In the bar soap segment of the beauty market, one might not expect to find many ups and downs. Given the recent recession and its continuing rippling effects, however, even bar soap has seen its share of changes in the past few years. In contrast to other industry segments though, principles with Vermont-based bar soap manufacturer Twincraft, Jim Howard and Barbara Devine, share that bar soap appears to have benefited from the recession in more ways than one.
“In one sense, the recession was really a boon to bar soaps because we saw a lot of consumers going back to basics, and that meant bar soaps. Bar soap is something many people perceive as a better value because they can get more usage out of a single bar,” says Devine, Twincraft’s director of marketing. “But to entice those customers back in and have them stick with soap, you have to hook them and tell them your story all over again.” Consumers are obviously more likely to continue buying a product they positive associations with, so Devine notes that, once people again began using bar soap, manufacturers needed to keep that positive dialog going.

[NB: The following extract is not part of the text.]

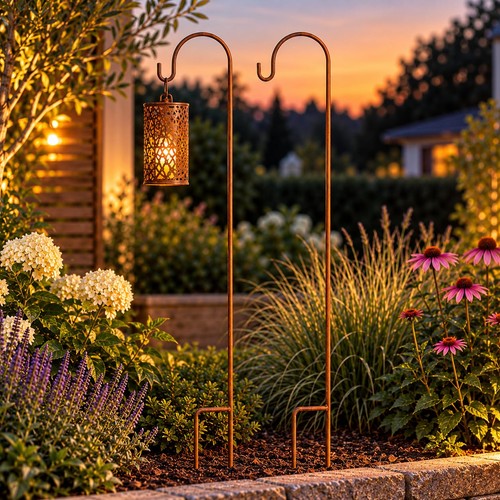 Bornhöft ganci giardino - ganci, da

“It’s about staying competitive in terms of what your soap offers,” Devine continues. “Consumers are looking for the whole story—a treatment, from cleansing to exfoliating to moisturizing and beyond. And it’s a challenge to stay innovative and maintain a competitive price point. A lot of companies are facing more and more savvy consumers who are demanding more for their dollars, and therefore more from their products.”
And this is where the bar soap segment is rebuilding itself to match—and even exceed—today’s consumer expectations. “What we’ve been seeing is a shift in where consumers buy their products,” says Howard, vice president of sales and marketing with Twincraft. “With the change in the economy, more consumers are spending more time in the FDM (food, drug, mass) channel and less in specialty skin care stores and higher-end department stores when buying their products.”
“From our end, there has been a massive focus from the FDM stores to develop their own private label store brands,” Howard continues. “As a result of the recession, consumers began shifting to using these store brands for their better price points, and then found they liked them. This has encouraged the FDM lines to want to innovate to keep these consumers interested and retain them.”